Frugging with Forrest
WHEN FORREST COMES IN the door, Mrs. Hollingsworth is wearing the same cologne he got from his lieutenant. She and Forrest smell so much alike they are put at ease and think themselves more familiar with each other than they are. Mrs. Hollingsworth has Jimi Hendrix playing, loud. Mrs. Hollingsworth is moving about in a strange, contortional way. “Do you frug, general?”
“What is that shit?” Forrest says, holding his ears.
Mrs. Hollingsworth begins laughing hysterically at this. Forrest himself begins to laugh. He has a slightly impish look unlike any Mrs. Hollingsworth has heretofore conceived. She has only seen the grim look and the electric look. He is putting her on!
He has picked up the Hendrix album cover. “I be damn.”
Mrs. Hollingsworth decides this business will be funny but predictable, and cuts it off.
“Have a seat, general.”
Forrest takes an order as well as he gives one. He notices the fabric of the sofa. It is a nubbly nylon that is utterly alien to his hand. He passes his hands absently over it for some time. Mrs. Hollingsworth has time to regard him: a man who will have fought so hard that he will wither away once this conflict is over and die, of nothing more certain than atrophy, at age fifty-six. A man this strong who can collapse.
“General, have you found the woman you love?”
“That has never occurred to me.”
“Does it interest you?”
“No, it does not. Not the way you put it.”
“Why not?”
“I don’t know.”
“That’s not a bad answer.”
“That’s a relief.”
“General, you mock me.”
“Ma’am, why not?”
“That’s not bad either.”
“Well, we all do-si-do then.”
While it was true that she could do with Forrest what she wanted, it was also not true. He was difficult. But this too, his difficulty, she had given him, she thought. She wasn’t sure. The uncertainty was thrilling. He did not need a nurse — a peculiar man, in this respect. She had not known a man who did not need a nurse. The only man she could have imagined before this who did not need a nurse was a dead man. And the dead man would have needed a nurse, desperately, right up until he died.

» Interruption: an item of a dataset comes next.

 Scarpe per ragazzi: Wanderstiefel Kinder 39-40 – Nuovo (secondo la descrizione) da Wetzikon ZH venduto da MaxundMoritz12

The proposition of having a man who did not need you was a bit frightening. It should not be, but it was. The thing she thought she had failed at was precisely this: waiting for the man who did not need her but wanted her. She had been afraid to wait for that, then, and when she saw it before her, now, the thing itself, it too scared her. Perhaps she was merely afraid of everything. Most people, she thought, were, and she was perhaps finally not any better. It had been pretty to think so, she thought. A woman was not to be faulted for her pretty thoughts.
“Is a woman to be faulted for her pretty thoughts, general?”

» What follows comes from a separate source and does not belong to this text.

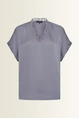Satijnen blouse met kanten V-hals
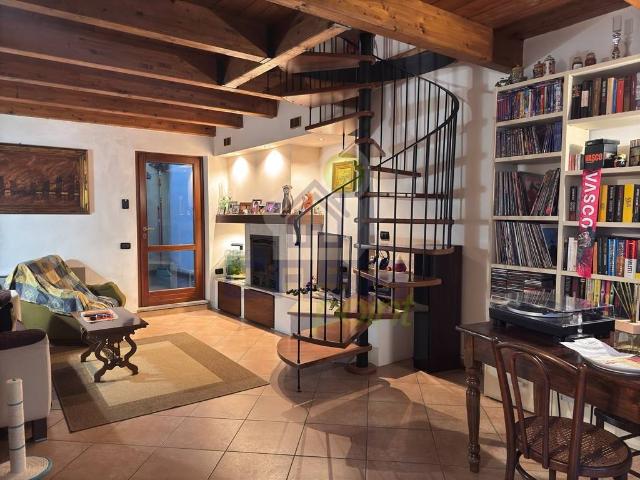Casa indipendente in vendita a Cremona CR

“That has not occurred to me either,” Forrest said.
Mrs. Hollingsworth realized why she had summoned the general. “General, could you send that boy with the lemon dog over tomorrow, if you are not fighting?”
Forrest looked at her directly. He understood and accepted her rejection. His hand continued to move sensually on the sofa, feeling the fabric. “Sho I can do that, ma’am — that is what general means. What kind of hide is this?”
“Hide?” She then understood him to mean the fabric on the sofa.
“I don’t want to see whatever you skunt this off of,” Forrest said. “Or hunt it.”
“General, are you tired?”
“I’m tireder than a dog lying underneath another dog.”
Nor Nurse nor Need
THE MAN IN THE plaid shirt came into the house like something hunted and hunting. He was nervous and deliberate. Mrs. Hollingsworth could see that she had complicated him to a point that was not easy for him. He was hurt in some way that he did not wish to acknowledge; he felt that if he did, it would confirm and solidify and even deepen the hurt. There was an aura about him that, like Forrest’s hologram, showed a storm of improbable and distorted hallucinations that emanated from his real life. He was standing there in her foyer, surrounded by a spectral play of his injuries and failures that was as plastic and mobile and colorful and ridiculous as the kind of light show that had accompanied, in its day, the Hendrix music that she had played for the general.